–– by Hilary Doda
One major drawback to bringing guest experts in to a classroom is the logistics of the endeavour: do we pay stipends, pay for travel and housing, time used? The organizational and financial complexities can sometimes be major obstacles between instructors and the types of classes we would like to teach.
I tried an experiment this year with Writing 2222 – Introduction to Editing – that helped to break some of those barriers down. My goal was to give the class a chance to interview some professional editors, to get a sense of what the profession was like from a variety of expert sources. The problem? The most enthusiastic potential interviewees I knew were in NYC. Videoconferencing is simpler than ever, however, with the technology available in most classrooms. It took less than five minutes of technical setup in March – far less time than the emails back and forth to work out arrangements – and we were able to have live interviews, in-class, with industry professionals both in New York City (March 13th) and Toronto (March 20th).
Students had a preparatory assignment due the class before the scheduled interviews, requiring a short industry profile of the publisher whose reps we were interviewing, as well as one to four questions they would like to have answered during the session. Putting points on that assignment meant that the students came to the interviews prepared to talk, and setting the date a few days prior meant that I was able to send the questions to the interviewees in advance so they could discuss and prepare their answers.

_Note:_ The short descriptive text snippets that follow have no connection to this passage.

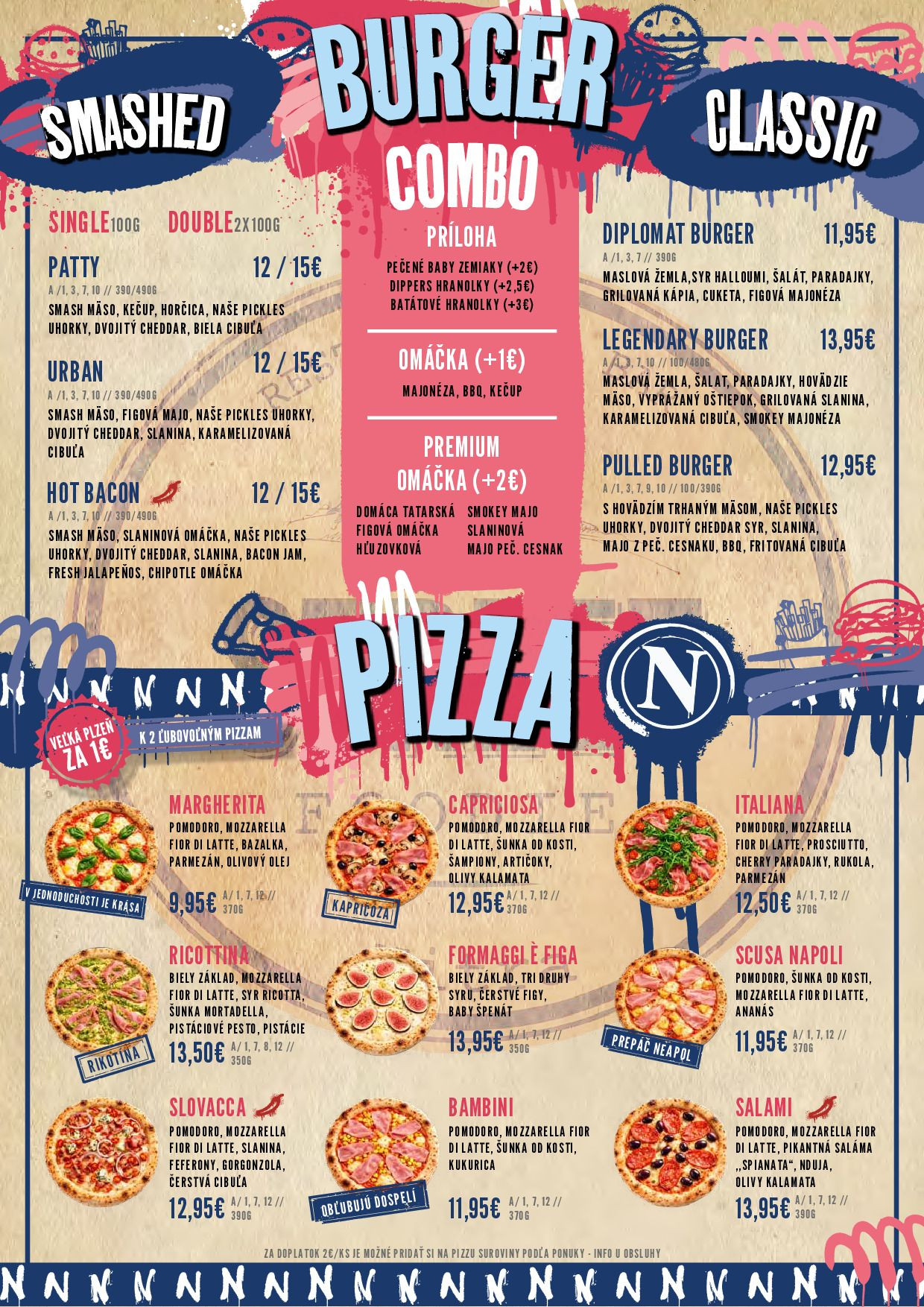 Food_menu Page 1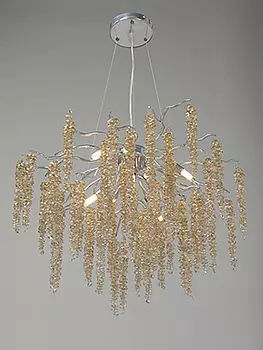 Подвесная люстра Vitaluce V28550-9/7S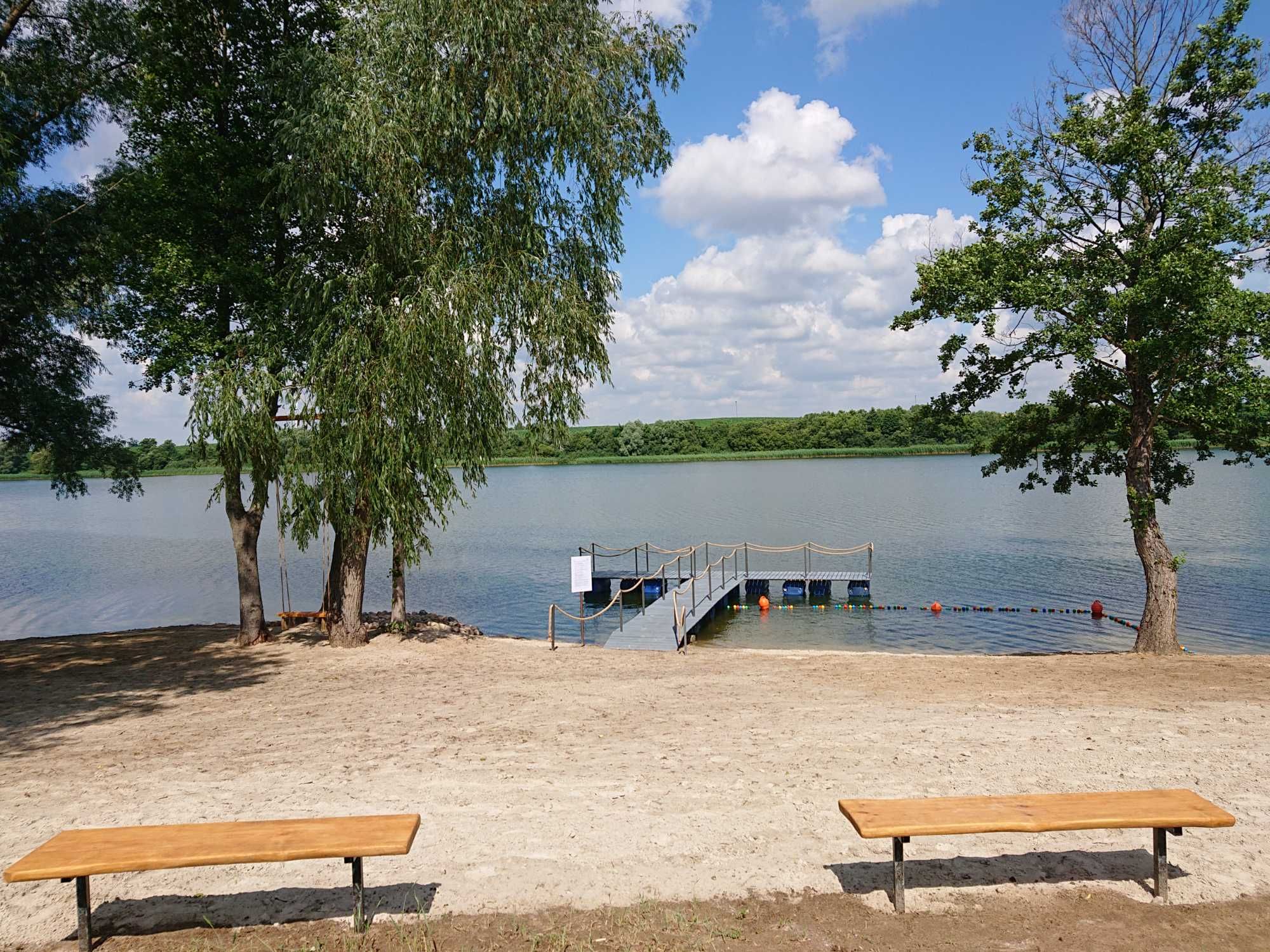 Pole namiotowe,kempingowe,camper ,domki ,plaża Wielkopolska/tor quad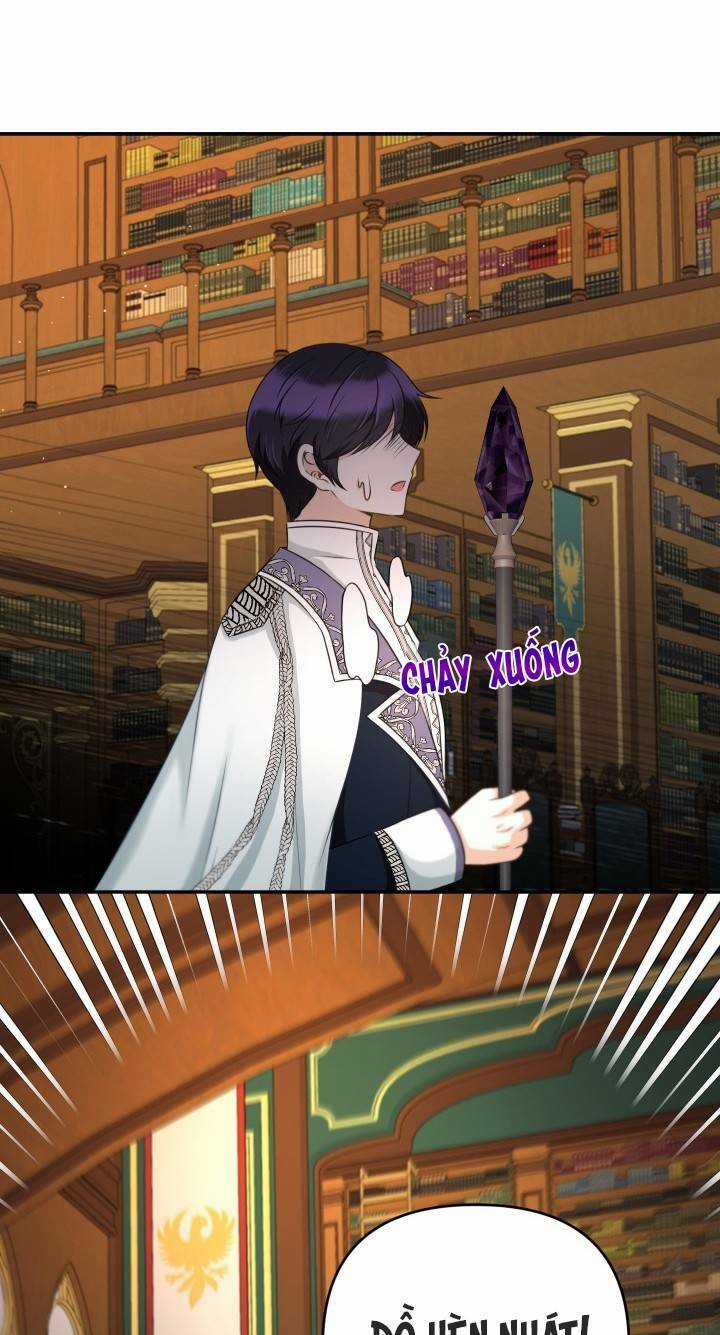 Công Chúa Xấu Xa Chapter 34 trang 30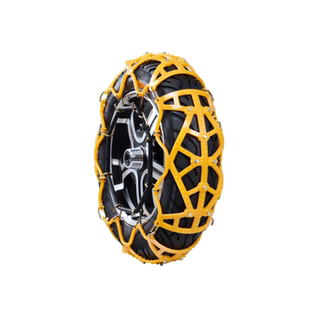 新款电动车摩托车防滑链两轮三轮四轮代步车通用加厚牛筋雪天防滑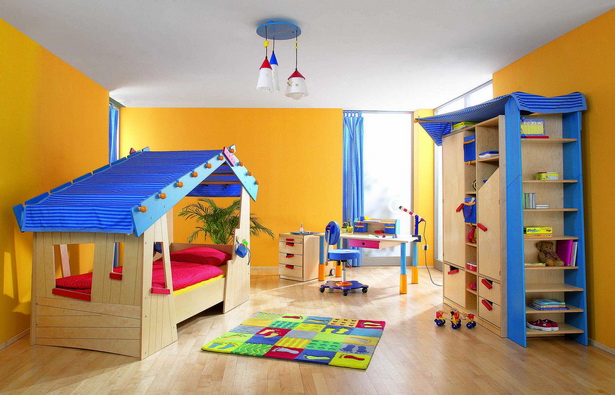 kinderzimmer-fr-kleinkinder-29_6 Gyerekszoba kisgyermekek számára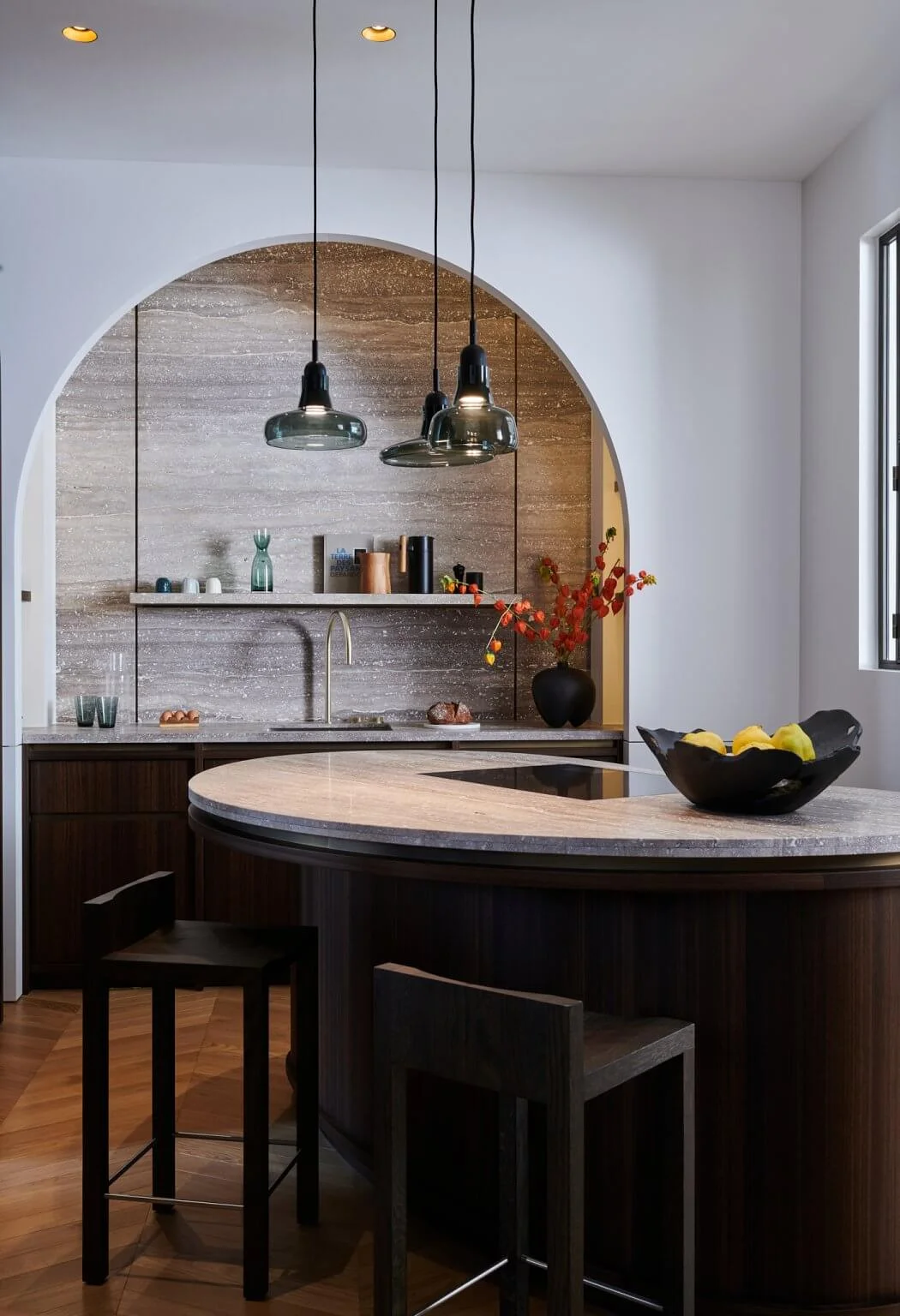 Private Apartment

Questions on the days of ranged from technical aspects of the industry – numbers of available positions and hiring procedures – to more casual fare. We heard anecdotes about working with authors and marketing departments, stories about industry conferences and directed advice about breaking into the industry. The class discussed tips for aspiring authors, and were able to get directed and individual advice on career arcs and current trends.
IT&S has webcameras for loan with built-in-microphones which can pick up questions from about half the way back into the seats in Seton 306. With that plugged into a USB port, and the use of Skype, a video-calling program already installed on all classroom computers, we were able to dial in to the interviewee’s computers on their pre-arranged Skype accounts at the interview time. By placing the webcam to face the classroom and running the signal through the classroom projector, we got as close to a face-to-face meeting as was possible without the expense of plane tickets.